Rajeev Madhavan: Me and my partner were thinking about the need for protecting file security. Let me give you a history of a company called Vera. We were the first investors in the company. Before they came to us, thematically we concluded that why isn’t there a capability for companies to give temporaru access to a document. It’s always encrypted. Can you actually do it with rules to control the relationship? You can read it, but you can’t forward it outside your domain.
We went out and made phone calls. One of the entrepreneurs that Chris knew was working on something similar. We went and actively campaigned and became the first investors. Think of it as Snapchat but with rules applied to documents at any file level. It could be a PowerPoint sitting on a Google Drive.

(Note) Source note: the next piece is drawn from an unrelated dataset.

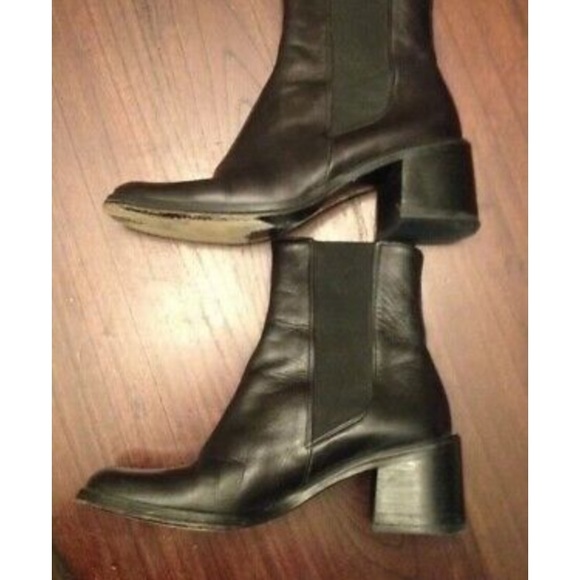 Kenneth Cole Heel Chunky Chelsea Boots - Picture 2 of 2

It is a classic case of the kinds of companies we work with.
We have another company in security that we funded again. A lot of people are stealing information using Bluetooth sensors and scanners. How do you protect things that connect Bluetooth to your computer and then the computer is connected via WiFi into your internal network? How do you now prevent the stealing of data through LTE? Being able to deploy it in mid-market is a phenomenal opportunity. That’s where the problem is going to be.
Very large companies are going to put boundaries and perimeters and put all sorts of control mechanisms to try and control this but this is a much easier way to control it. Again, they came in with a rough idea. They’re going to be launching next month. There’s a consumer app which we’re in the process of doing where they have some prototype. There’s another company called Robin Systems which has done a huge contribution in application-defined infrastructure.
In the early days, VMWare made one computer look like 10 computers. Today’s problem, it has changed. You need to make hundreds of computers look like one cluster. If you’re using siloed environment, then you’re wasting a lot of compute resources. If you try to use virtualization in that space, your performance goes down. We’re getting to the point where lots and lots of applications are being written.
How do you provide an infrastructure that gives you that? We think it’s bit of an opportunity as what Nutanix was. We helped them bring in a CEO. In fact, somebody who used to run half of Magma and was one of the main causes of being able to create Magma runs the company. The key architect and the CTO came from Veritas. We were incidental in marrying the two together.
We not only helped create the company but we helped put the two people that were key to get the product out the door. They’re on the hunt for some very big opportunity in that there’s nothing that really addresses the efficiency of applications that run on hundreds of computers and hundreds of applications and providing certain levels of SLAs for each of those.